Showing posts with label students. Show all posts
Showing posts with label students. Show all posts

Thursday, 5 September 2013

Taking Cheating to the Next Level

A High School Teaching buddy of mine in Dallas, Texas sent me this pic (note: this is not the actual book and phone that he confiscated, but a pic he found similar to it online.  The school would not let him take a pic of it.)  He is an English Lit. teacher.  They were having an open book timed test and a student in the back kept flipping pages whenever he walked by.  He noticed the student would always flip towards the front of the book even though the test was over the 2nd half of the novel.  Finally, he asked the student to turn to page 200 and something, since that was what they were testing over.  The student refused.  He took the book and found this.  The student had been using his phone, typing in the questions and finding the answers online.  Pretty clever, but a big FAIL for getting caught.

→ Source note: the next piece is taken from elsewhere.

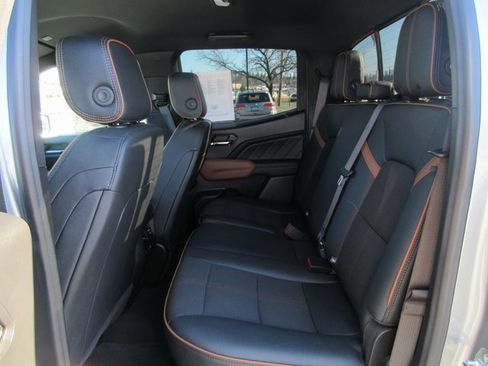 Used 2024 GMC Canyon AT4 w/ Technology Package image 21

Technology has taken cheating to a whole new level.  When I was in school, it was notes written on your shoe or your forearm...


Tuesday, 3 September 2013

Technology in Education?

For some reason, this educational article does not surprise me very much.  As a high school teacher, I have been seeing this for years.  I truly believe that technology in the classroom is not necessarily a good thing.  In fact, I've been saying it for years:
In nations with the highest-performing students, classrooms “contain very little tech wizardry,” writes Amanda Ripley on Slate Magazine. “Children sit at rows of desks, staring up at a teacher who stands in front of a well-worn chalkboard,” just like in U.S. classrooms in 1989 or 1959.
I think technology can be a good thing if used correctly.  Unfortunately, it is very rarely used correctly in the classroom.  Every year, I am seeing more and more research papers that are "copy - pasted" from the internet.  Wikipedia is fast becoming the number one research for high school students (probably college students too) and we all know how reliable Wikipedia can be.  There are websites out there that sell research papers, fictional stories, original poems, etc. to students if they have money. 

I think technology is actually dumbing down American Society.  It is an ugly and frightening trend.  I yearn for the good old days when you actually had to read several books and encyclopedias to get your information, then you actually had to write the info in your own words.  OH...for the good ol' days!